Danielle Paes Barretto de Arruda Camara

**LAST VERSION: 02-06-19 (review)**

In this first notebook playlist's information for each category of Spotify is obtained.

**Input:**

* Spotify API credentials 
* Inform optionally as function input:

        country - An ISO 3166-1 alpha-2 country code (optional).
        locale - The desired language, consisting of an ISO 639 language code and an ISO 3166-1 alpha-2 
        country code, joined by an underscore (optional).


**Output:**

* list of categories in .txt (e.g. category_ids_list_country_NL_2019-04-28.txt)
* csv files with playlist_name and playlist_id for all categories (e.g. playlists_category_afro_NL_2019-04-28.csv)

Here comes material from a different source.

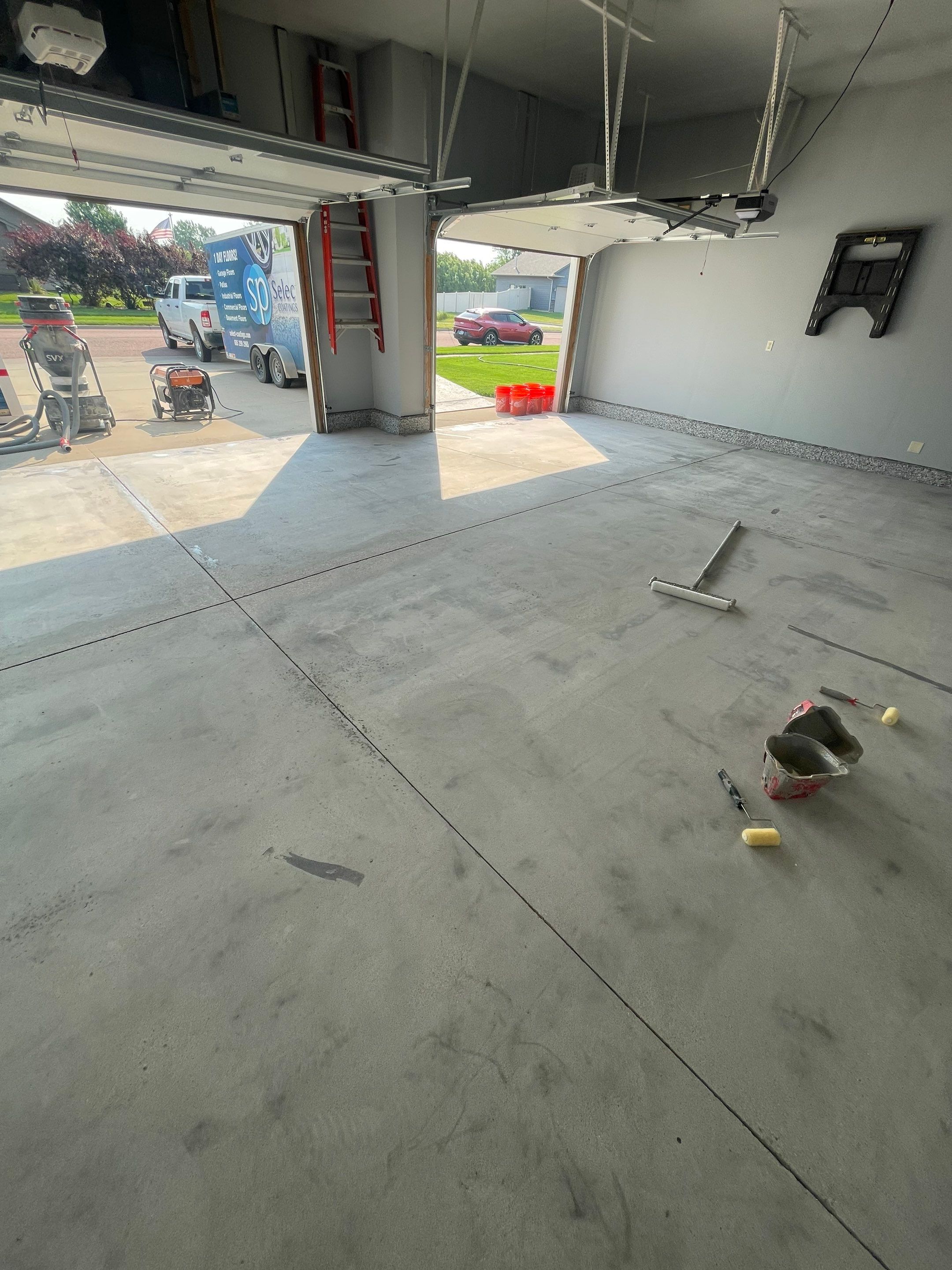 Sioux Falls Garage Concrete Coating Installation with Domino Flake by Select Painting, Coatings & Garage Cabinets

The following notebook (02-retrieve_playlist_tracks_audio_features_Categories_070319.ipynb) will use the information obtained here to retrieve tracks for each playlist and their audio features.

# Libraries

In [1]:
import pandas as pd
import time
TodaysDate = time.strftime("%Y-%m-%d")

from tqdm import tqdm

import pickle

# Folders

In [2]:
# output_folder = "./data/playlists/"

output_folder = "D:/DATA_02062019/NEW_DATA/playlists/"

# Access to Spotify API 

For credentials : https://developer.spotify.com/dashboard/login


In [3]:
import spotipy 
from spotipy.oauth2 import SpotifyClientCredentials 
cid ="********************************" 
secret = "********************************" 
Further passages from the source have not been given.